■ PROVIDED MATERIAL ■
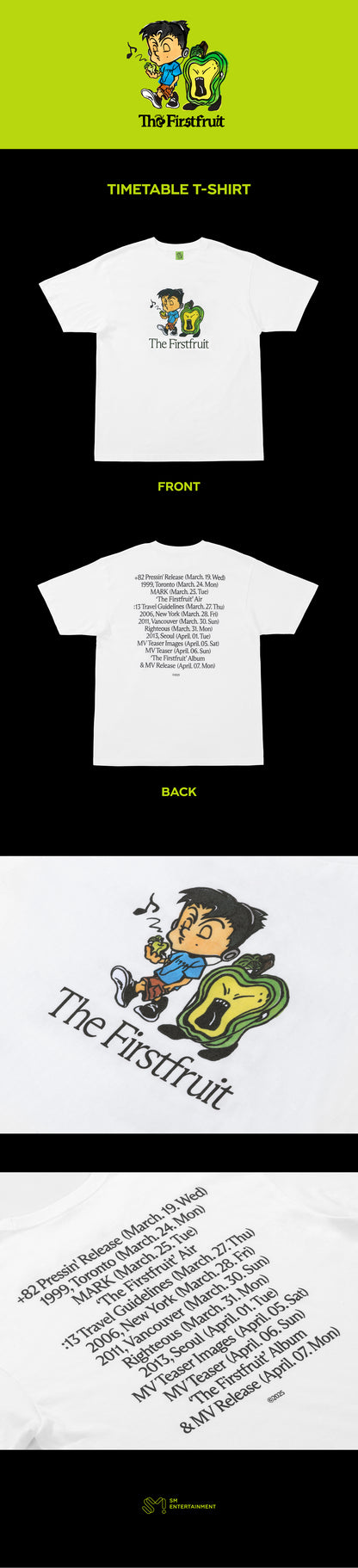 MARK - [The Firstfruit] (TIMETABLE T-SHIRT)
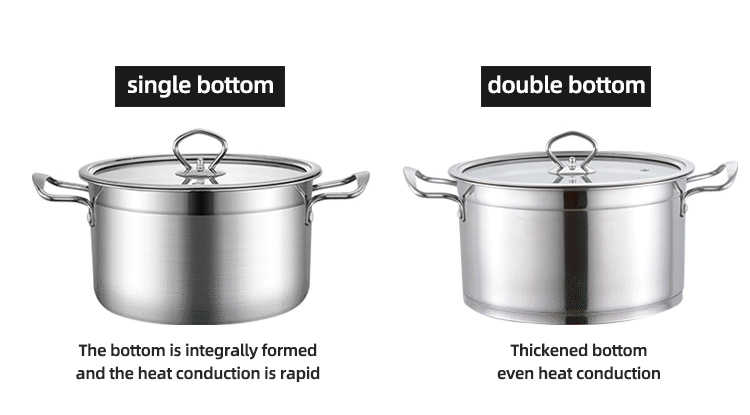 Mirror Polished Stock Pot Induction Soup Pot For Cooking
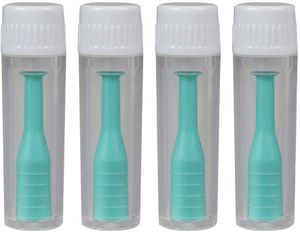 Linsensauger Kontaktlinse Saugstab Silikon mit Flasche für Reise Kontaktlinse Entfernen Tragen 4 Stück (Grün)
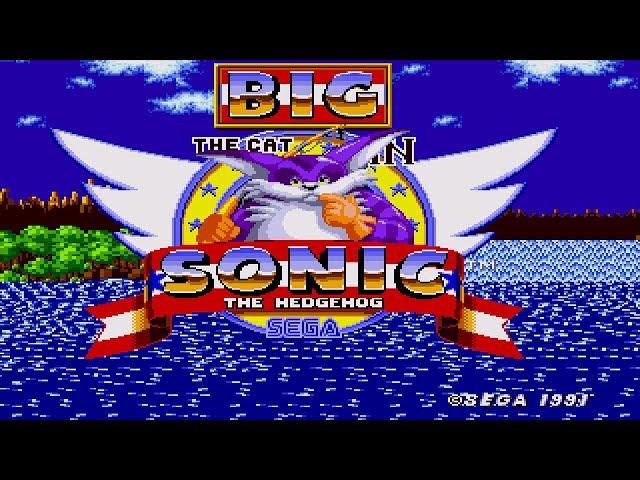 Big The Cat in Sonic 1 :: Full Game Playthrough (1080p/60fps)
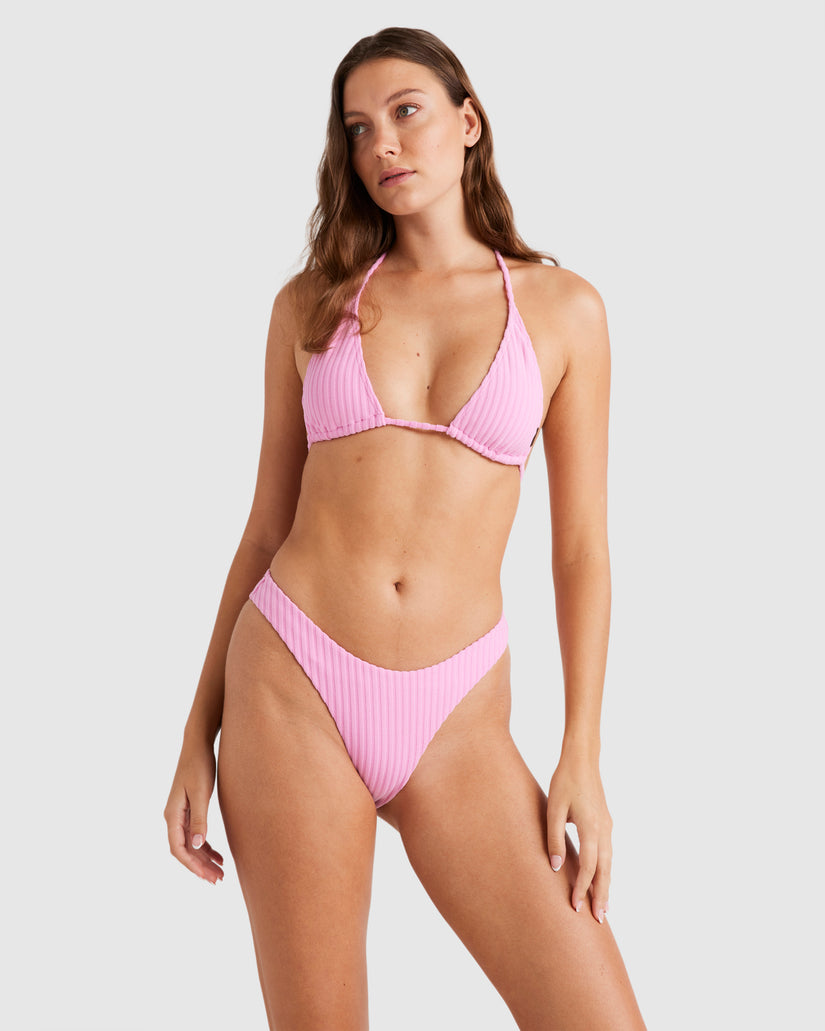 Womens Terry Rib Remi Tri Bikini Top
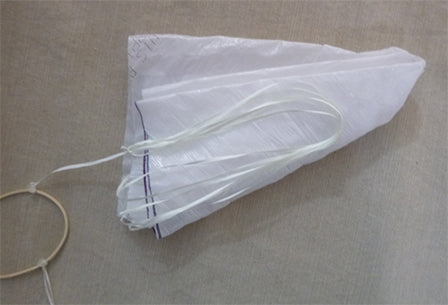 Folding the model rocket parachute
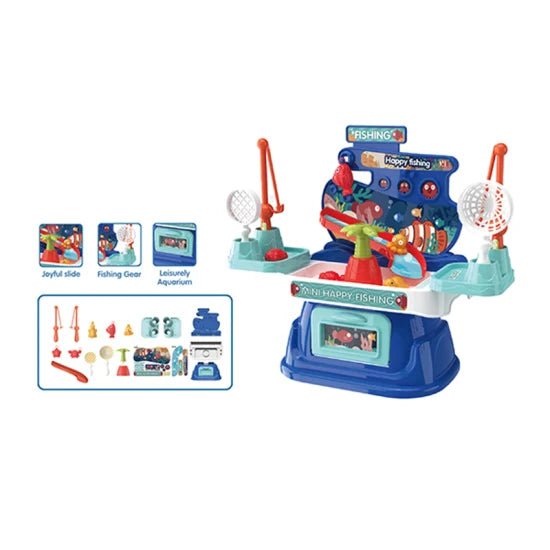 Happy Fishing Game | 19Pcs - BLL - MT - 8059 - Planet Junior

■ EXERCISE ■
The answer should contain only the lines from the one with "Mirror Polished Stock" through the last line of the material, given word for word and without pictures.

■ RESPONSE TO THE EXERCISE ■
 Mirror Polished Stock Pot Induction Soup Pot For Cooking
 Linsensauger Kontaktlinse Saugstab Silikon mit Flasche für Reise Kontaktlinse Entfernen Tragen 4 Stück (Grün)
 Big The Cat in Sonic 1 :: Full Game Playthrough (1080p/60fps)
 Womens Terry Rib Remi Tri Bikini Top
 Folding the model rocket parachute
 Happy Fishing Game | 19Pcs - BLL - MT - 8059 - Planet Junior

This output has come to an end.